Oh vile, essere umano!
Dai parola al folle
che di mente è Sano!
Dai parola al folle
del tuo regno
sovrano!

Che ti seduce
con labbra divine,
e che dalla tua carne
toglie le spine.

2002

 

 


 

 

Tremano le mani
e sul tuo corpo danzano, frementi
e sensuali i pensieri prendon carne,
si vegliano, e come il messaggio
il mare trasporta solitario,
e ad un’ignota meta lo conduce,
io nei miei ricordi affondo la mente,
e vedo sulla sabbia la tua luce,
l’eco della tua voce,
al ritmo della natura propaga la malattia,
che sana l’ustione della mia forma assurda.

Ti sfioro e guarisco.

30/05/2003
 

 

Qui nel cielo siamo spogli e senza vita!
Perfetti ed immacolati come esseri divini,
vaganti, nelle oscure immensità dell’universo.

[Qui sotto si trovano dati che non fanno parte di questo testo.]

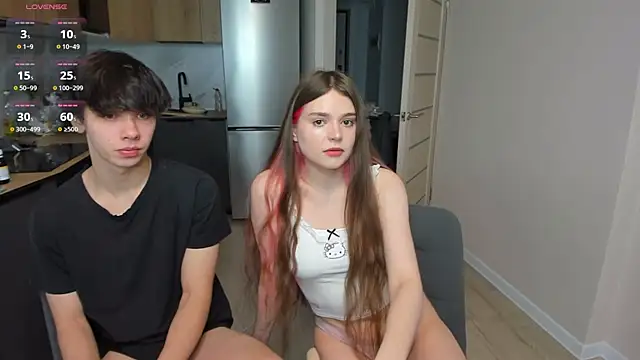 Snapshot of lil_cassie chatting on 13, 10, 2025 lil cassie online show from 13, 10, 2025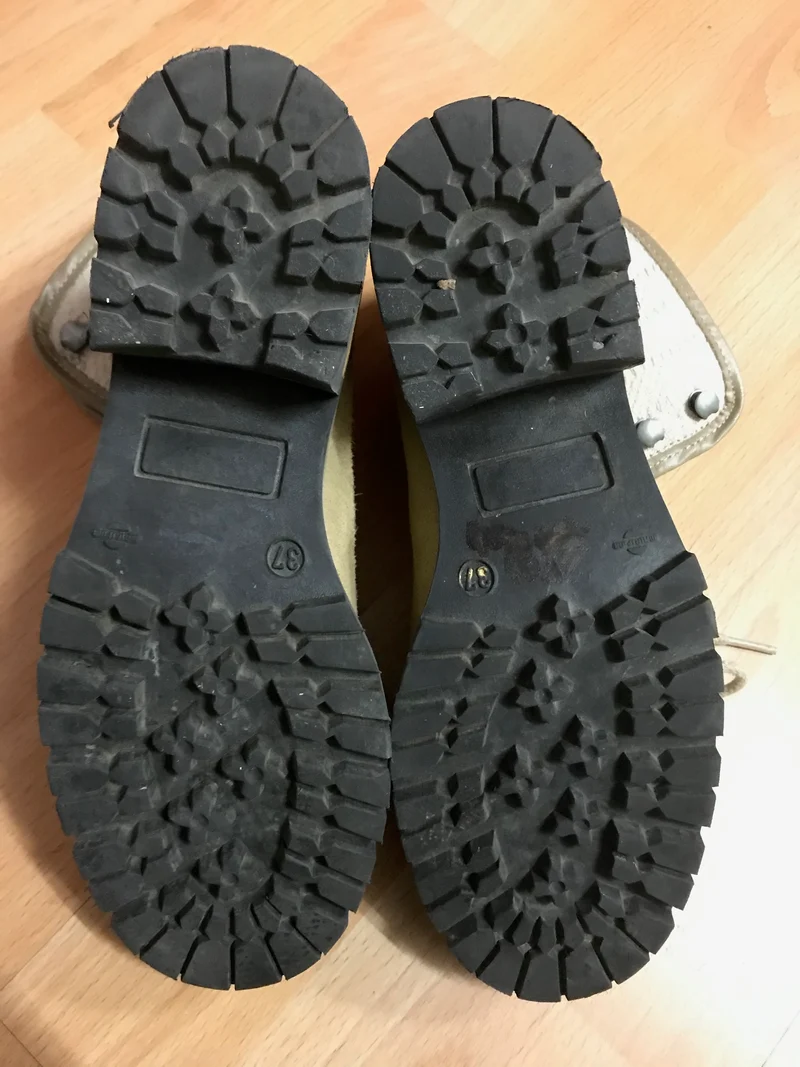 Trachtenschuhe beige – Schnürboots, Gr.37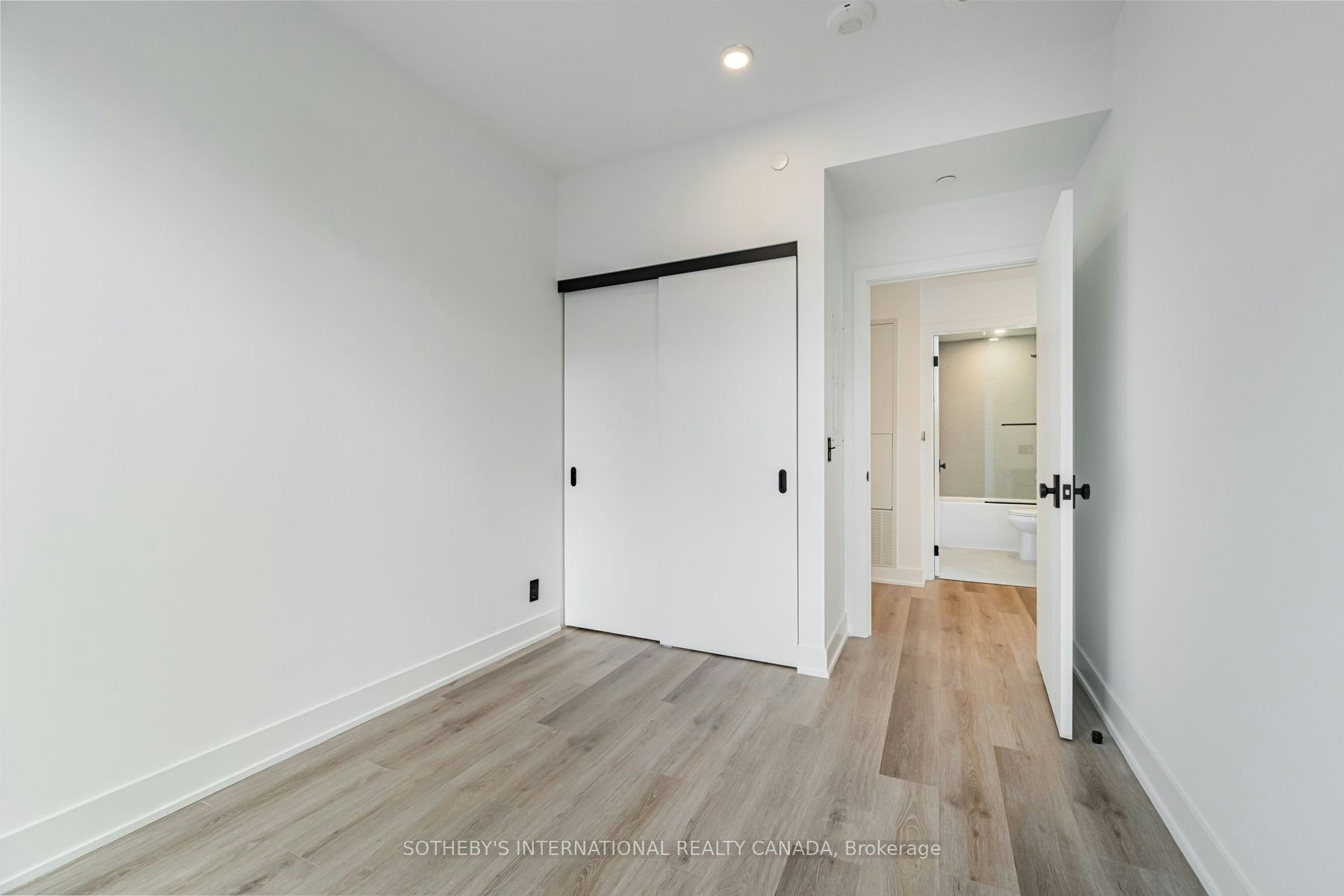 E2909-30 Mutual Street, Toronto, ON, M5B 2A7 - 9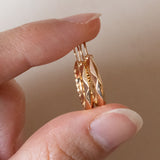 Orecchini vintage a cerchio sfaccettati in oro 18K, anni ‘60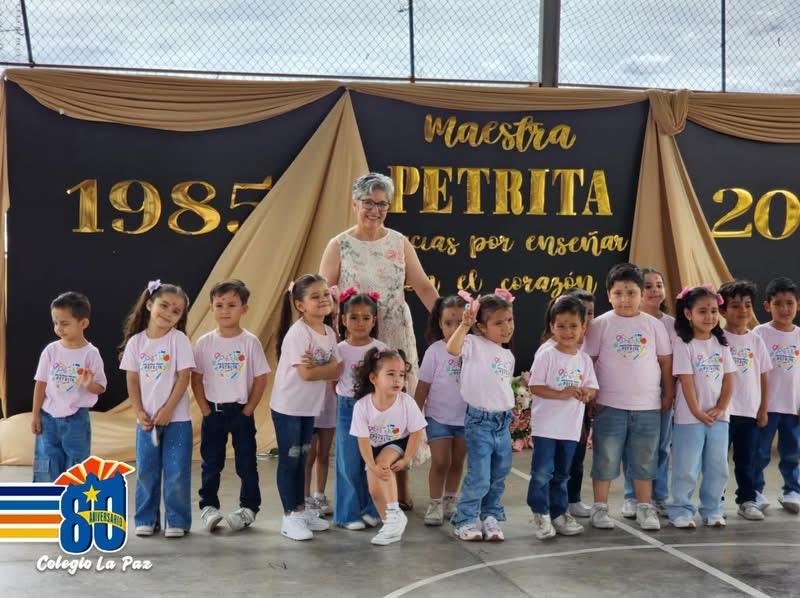 Reconocimiento a la maestra Petrita Ramírez: 40 años de amor y dedicación en el Colegio La Paz de SP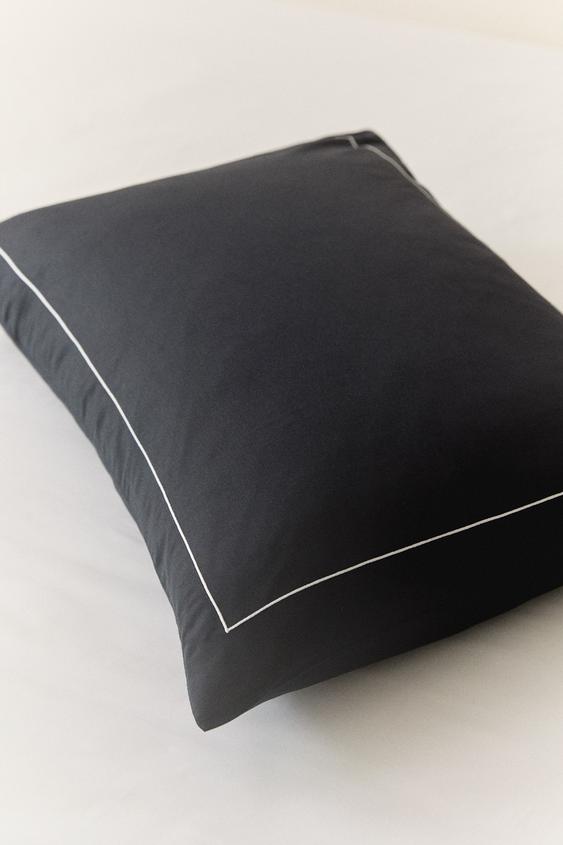TAIE D’OREILLER SATIN FESTONNÉE (500 FILS) - MIDNIGHT BLUE de Zara - Image 5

Siamo eleganti, non v’è presenza alcuna di
un’ombra o di una paura.
L’immagine dipinta sulla tela degli Dei,
è dunque troppo aggraziata.

Non vi sono più sui volti,
gli inclinati sguardi, e le amare distinzioni
che mutano e servono a compier l’intesa,
non esiste dunque nessuna faccia offesa,
non esiste dunque più l’uomo,
e tutto sembra splendente oltre il confine,
tutto sembra demente e legato alla fine.

Lupi ed anime sagge,
di propria natura velate e
ricami di fiori,
tutto qui s’esclude.

Siamo solamente riflessi vaganti, attraverso
l’universo, mondi, e sogni amari,
ai confini dell’esistenza, sussurriamo e gridiamo
la nostra vaga presenza.

30/05/2003

 

 


 

 

Sono volato sopra di un fiume d’argento,
ove lentamente mi sono poi immerso,
divenendo con l’acqua e la natura
sposo ideale per compiere il messaggio,
il verso.

Abbandonato, in turchine acque divenute malsane,
vidi la gioconda apparizione che della
perfetta creazione assorbì l’immagine,
in ogni sua singola movenza e vibrazione.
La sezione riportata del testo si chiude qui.